## What the task asks
Only one stretch of the data is wanted: the line containing "Double-Breasted Linen Suit Jacket", the line containing "Cervical Traction Device", and every line between them, copied exactly.

## Data supplied
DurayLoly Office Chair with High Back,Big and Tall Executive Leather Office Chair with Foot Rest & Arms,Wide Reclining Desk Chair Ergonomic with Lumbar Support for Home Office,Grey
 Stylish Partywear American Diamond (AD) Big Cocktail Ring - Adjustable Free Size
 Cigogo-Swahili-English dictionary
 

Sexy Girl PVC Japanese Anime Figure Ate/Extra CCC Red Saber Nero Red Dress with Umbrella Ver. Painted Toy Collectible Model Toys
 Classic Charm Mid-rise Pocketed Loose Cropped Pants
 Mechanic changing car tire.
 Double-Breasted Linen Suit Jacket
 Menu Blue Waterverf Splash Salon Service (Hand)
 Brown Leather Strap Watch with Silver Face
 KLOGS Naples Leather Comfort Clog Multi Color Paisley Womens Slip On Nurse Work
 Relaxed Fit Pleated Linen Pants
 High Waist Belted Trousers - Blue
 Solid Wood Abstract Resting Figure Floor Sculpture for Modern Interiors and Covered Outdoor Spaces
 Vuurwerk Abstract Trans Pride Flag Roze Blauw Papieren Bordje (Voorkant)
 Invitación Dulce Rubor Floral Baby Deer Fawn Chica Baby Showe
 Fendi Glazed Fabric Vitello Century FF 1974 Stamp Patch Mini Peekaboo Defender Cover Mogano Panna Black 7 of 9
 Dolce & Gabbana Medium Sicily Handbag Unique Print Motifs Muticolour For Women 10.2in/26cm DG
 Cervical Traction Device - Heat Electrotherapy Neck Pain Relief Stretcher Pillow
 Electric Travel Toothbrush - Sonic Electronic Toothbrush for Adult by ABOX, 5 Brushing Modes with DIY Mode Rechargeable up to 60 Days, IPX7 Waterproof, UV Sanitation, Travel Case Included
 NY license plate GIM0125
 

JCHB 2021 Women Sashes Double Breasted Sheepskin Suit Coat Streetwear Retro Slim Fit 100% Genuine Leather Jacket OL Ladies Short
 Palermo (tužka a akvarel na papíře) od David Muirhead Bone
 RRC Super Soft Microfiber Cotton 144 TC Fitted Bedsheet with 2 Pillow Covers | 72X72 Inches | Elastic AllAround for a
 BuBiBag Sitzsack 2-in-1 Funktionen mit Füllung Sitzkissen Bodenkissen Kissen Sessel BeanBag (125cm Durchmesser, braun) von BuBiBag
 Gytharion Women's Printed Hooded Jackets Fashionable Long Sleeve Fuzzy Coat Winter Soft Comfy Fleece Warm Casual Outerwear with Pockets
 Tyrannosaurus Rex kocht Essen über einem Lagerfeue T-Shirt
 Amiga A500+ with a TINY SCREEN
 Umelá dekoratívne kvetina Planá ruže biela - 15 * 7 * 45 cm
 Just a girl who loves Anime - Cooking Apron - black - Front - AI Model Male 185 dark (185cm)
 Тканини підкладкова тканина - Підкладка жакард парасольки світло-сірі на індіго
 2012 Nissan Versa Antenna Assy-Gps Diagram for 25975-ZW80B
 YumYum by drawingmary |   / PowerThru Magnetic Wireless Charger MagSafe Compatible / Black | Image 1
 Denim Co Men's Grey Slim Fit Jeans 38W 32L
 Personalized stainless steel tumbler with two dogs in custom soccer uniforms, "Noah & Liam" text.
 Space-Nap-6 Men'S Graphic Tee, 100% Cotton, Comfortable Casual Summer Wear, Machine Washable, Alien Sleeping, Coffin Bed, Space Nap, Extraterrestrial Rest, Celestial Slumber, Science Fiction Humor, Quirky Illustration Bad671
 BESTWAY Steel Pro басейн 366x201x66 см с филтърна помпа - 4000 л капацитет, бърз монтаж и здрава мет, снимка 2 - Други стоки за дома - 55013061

## Exercise response
 Double-Breasted Linen Suit Jacket
 Menu Blue Waterverf Splash Salon Service (Hand)
 Brown Leather Strap Watch with Silver Face
 KLOGS Naples Leather Comfort Clog Multi Color Paisley Womens Slip On Nurse Work
 Relaxed Fit Pleated Linen Pants
 High Waist Belted Trousers - Blue
 Solid Wood Abstract Resting Figure Floor Sculpture for Modern Interiors and Covered Outdoor Spaces
 Vuurwerk Abstract Trans Pride Flag Roze Blauw Papieren Bordje (Voorkant)
 Invitación Dulce Rubor Floral Baby Deer Fawn Chica Baby Showe
 Fendi Glazed Fabric Vitello Century FF 1974 Stamp Patch Mini Peekaboo Defender Cover Mogano Panna Black 7 of 9
 Dolce & Gabbana Medium Sicily Handbag Unique Print Motifs Muticolour For Women 10.2in/26cm DG
 Cervical Traction Device - Heat Electrotherapy Neck Pain Relief Stretcher Pillow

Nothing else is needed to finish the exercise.